Transcribe the listing below in full, exactly, with no images.

DATASET SECTION –
☆ ☆ ☆ ☆ ☆

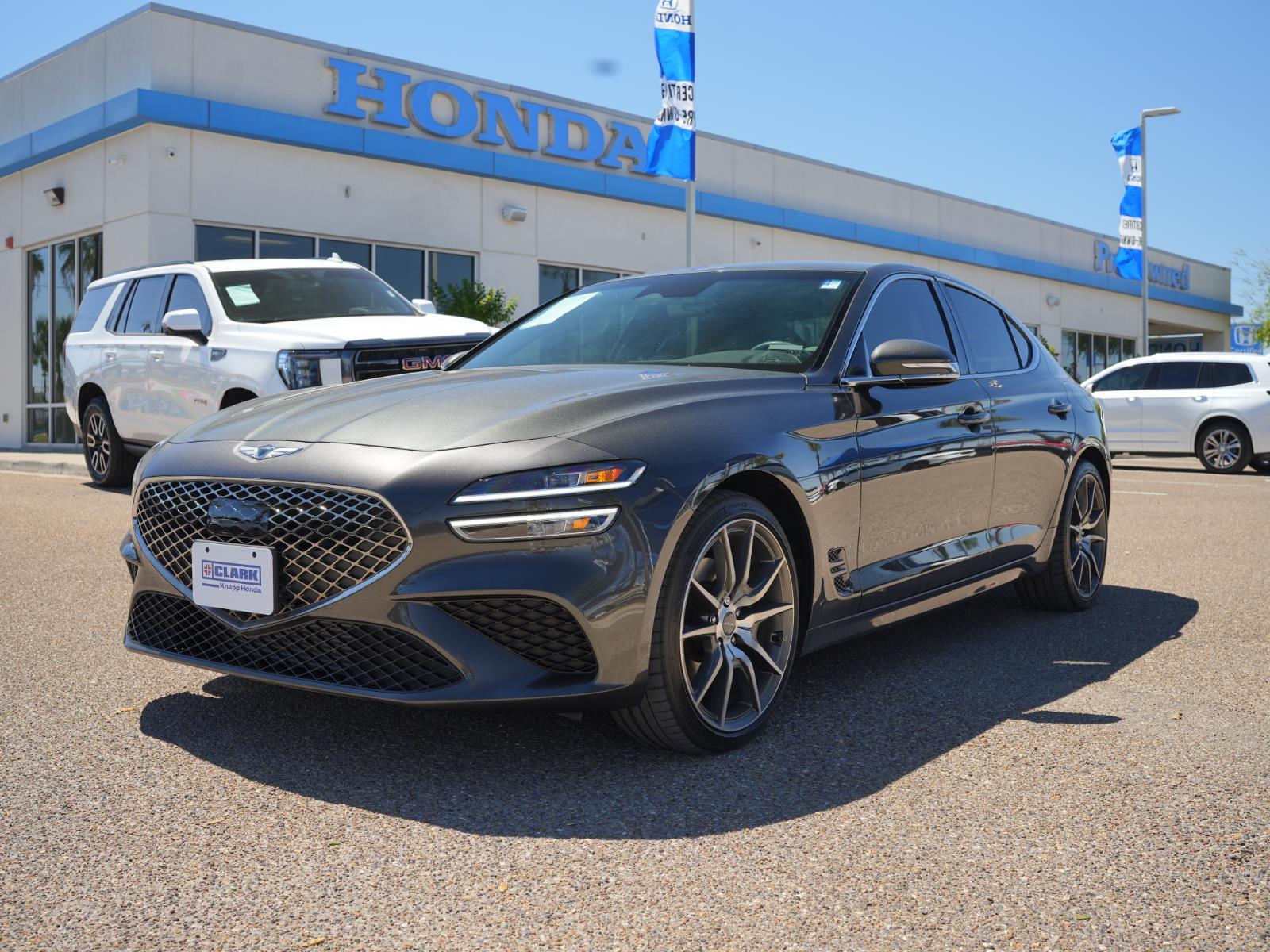 2023 Genesis G70 2.0T RWD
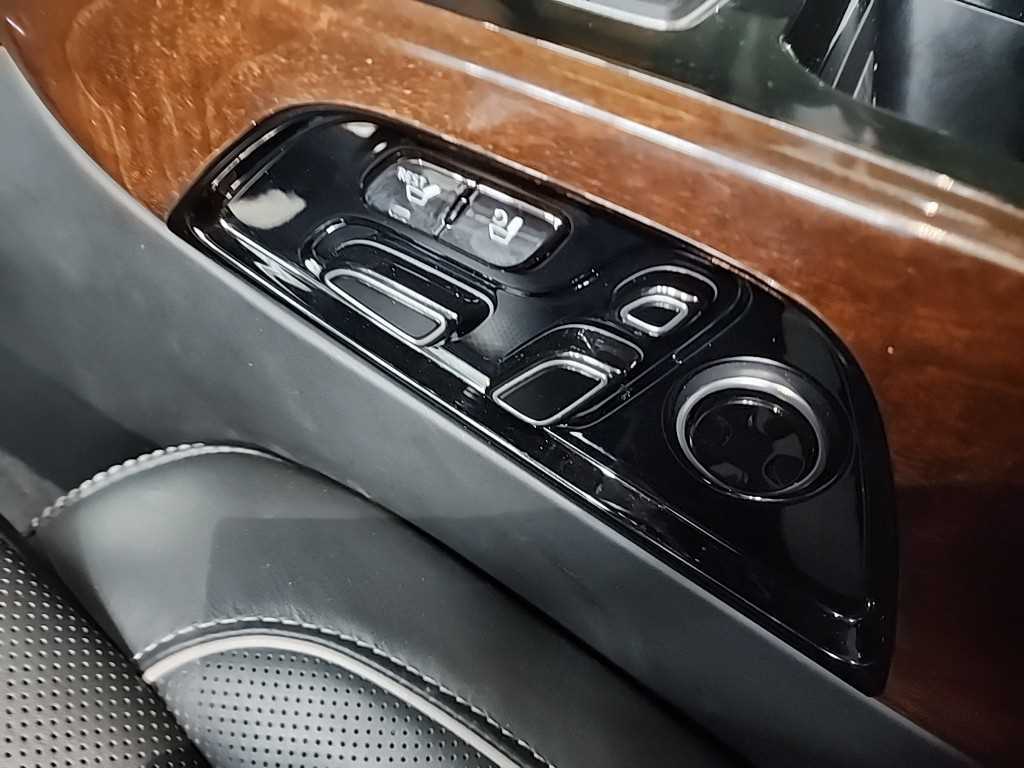 Genesis EQ900 2018 Blanco - Importación desde Corea - HF Imports Iquique - Foto 16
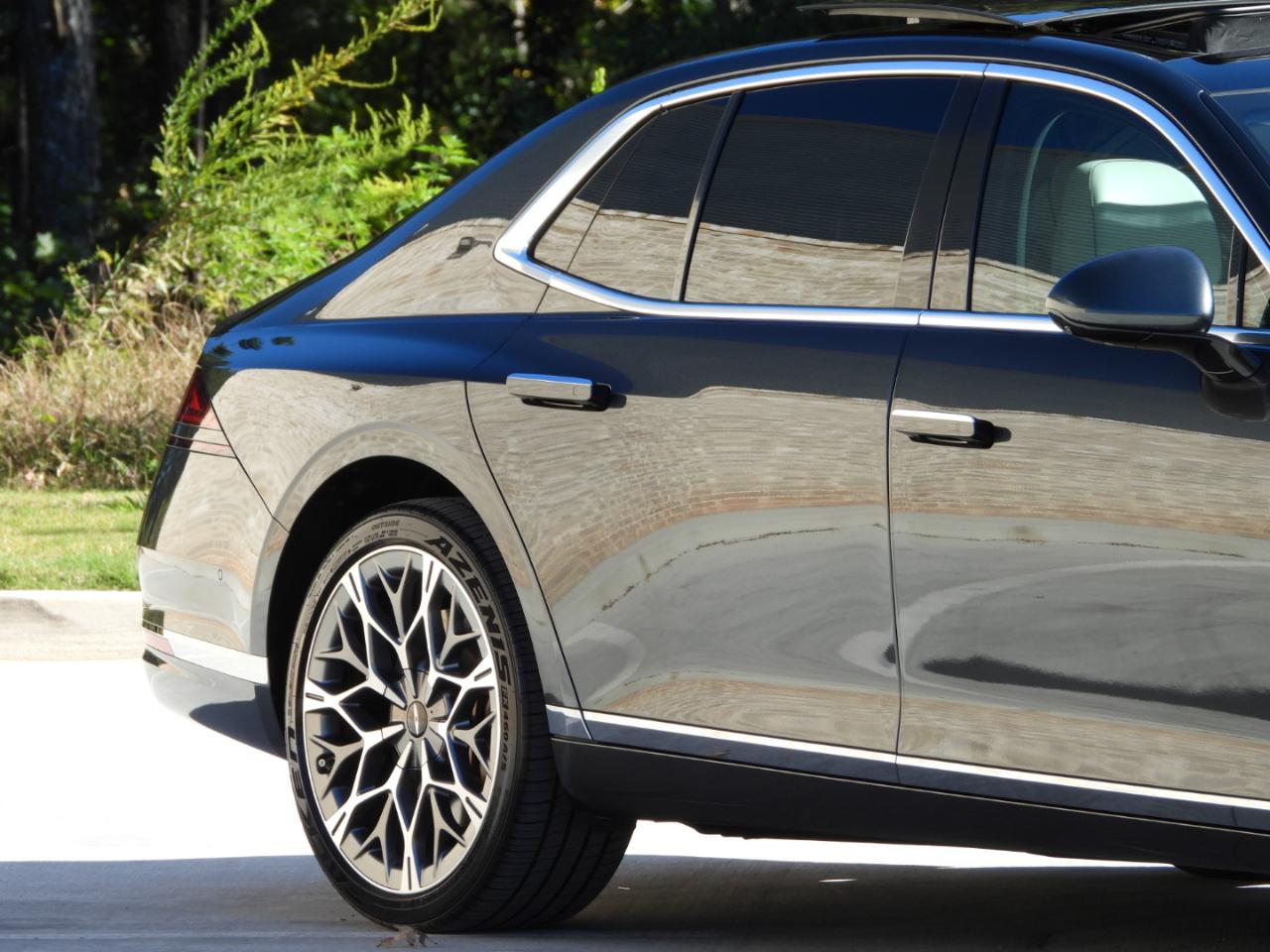 Genesis G90 3.5T e-Supercharger 2023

☆ ☆ ☆ ☆ ☆

TASK RESULT –
 2023 Genesis G70 2.0T RWD
 Genesis EQ900 2018 Blanco - Importación desde Corea - HF Imports Iquique - Foto 16
 Genesis G90 3.5T e-Supercharger 2023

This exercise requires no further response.